Светлый фон

С членом одной такой банды, переходящей из дома в дом, я заговорил. Он ответил мне, и я убедился, что он и все его сподвижники были поляками. На мой вопрос этот поляк ответил, что они «делают порядок». Позднее мне приходилось говорить и с украинцами — участниками таких погромов, и я знаю, что все их действия направлялись немцами с первых дней оккупации Львова. Более того, мне достоверно известно, что после организации местной полиции (до этого тоже, но не так широко) немцы на площади Смолки (ныне пл[ощадь] Победы) выдавали оружие группам украинцев и разрешали им совершать погромы в польских селах и квартирах. В то же время вооружались группы поляков, которые направлялись на грабежи и погромы в украинских селах.

Очевидцы рассказывали мне о страшных последствиях таких разбойничьих нападений. Убивались целые семьи — старики, малые дети, не говоря уже о взрослых мужчинах и женщинах.

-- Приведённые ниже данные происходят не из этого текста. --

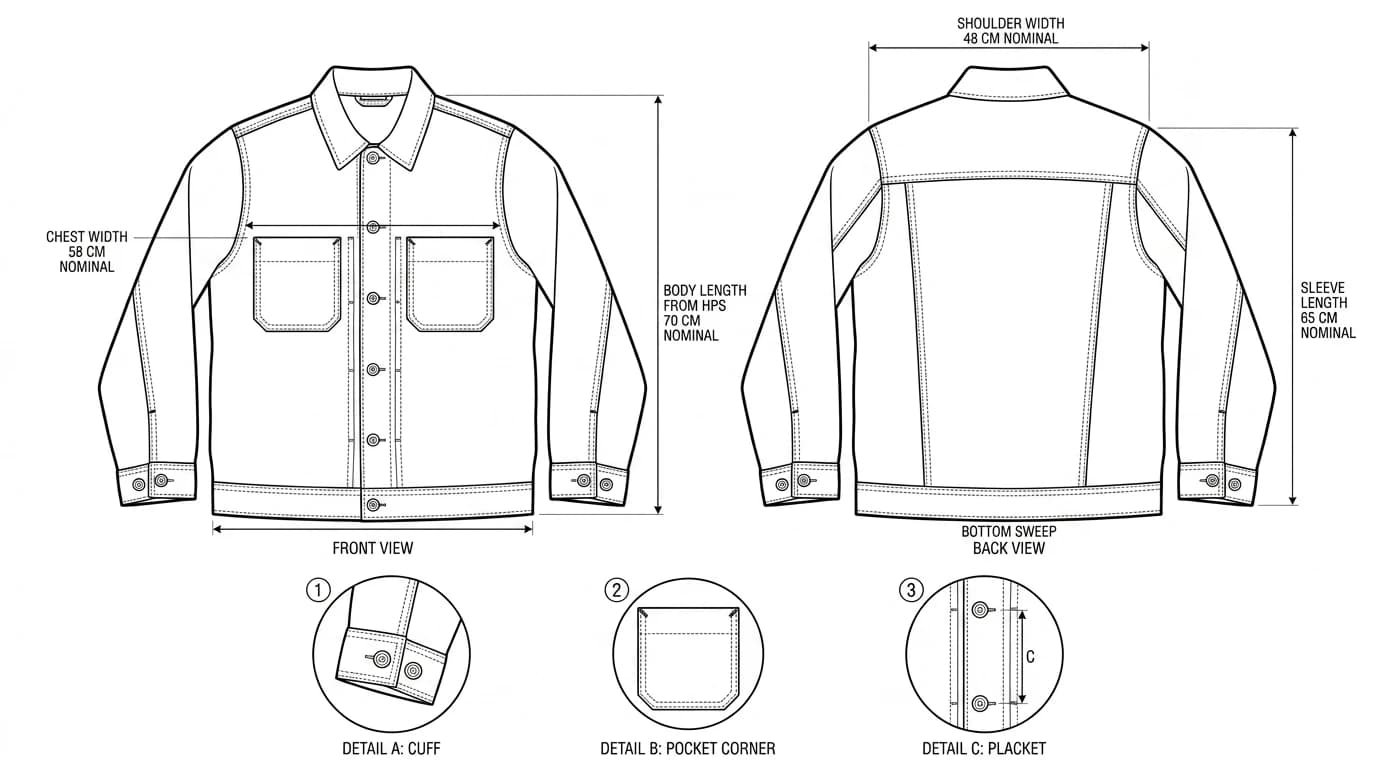 A technical flat of a work jacket with front and back views above three enlarged detail views: a cuff with topstitching shown as broken lines, a patch pocket corner, and a button placket with spacing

В первые дни оккупации мы все, жители Львова, были как бы пришиблены происходящими событиями. Сознание отказывалось воспринимать то, что невольно приходилось видеть. На моих глазах человек в немецкой военной форме застрелил юношу, точнее, мальчика лет тринадцати-четырнадцати, который прятался в канализации и вылез из люка на ул[ице] Б[огдана] Хмельницкого, очевидно, для того, чтобы подышать свежим воздухом. Это увидел немецкий военный, подошел к мальчику и, ничего не говоря, выстрелил ему в грудь из пистолета. Мальчик был тяжело ранен, но еще жив, тогда второй солдат выстрелил ему в голову. Уточняю, эти лица были не в военной форме, а в форме полиции. Первый полицейский в грудь мальчику выстрелил дважды, но мальчик был жив, тогда второй сказал первому на украинском языке «не вмиешь стриляти, то ся не бери» и сам застрелил мальчика выстрелом в голову. Я подошел к полицейским и сказал первому, что в этом убийстве он проявил не много доблести и геройства. Он был смущен то ли своим поступком, то ли тем, что неудачно стрелял, и ничего мне не ответил. Второй раз на моих глазах такие лица в форме полиции застрелили юношу еврея на улице Клепаровской, приказав идти вперед и выстрелив ему в спину. Это было уже не в первые дни оккупации, однако от людей — очевидцев я знаю, что такие убийства проводились с самых первых дней прихода немцев, а погромы, производимые с участием немецких военных, я сам наблюдал в первые дни оккупации.

Позднее мне приходилось видеть такое, что и сейчас трудно верить в то, что такое было.

Зимой 1941 года в 26° мороз я видел, как на подводе по улице везли голых ребятишек возраста 1–2 лет. Я тогда их увидел, сначала подумал, что везут из какого-то магазина гуттаперчевых кукол, а когда они подъехали ближе, я увидел, что это голые детишки, настолько окоченевшие, что никто из них даже не плакал и не кричал. Их завезли в здание школы на улице Алембежев (теперь там, по-моему, школа № 11).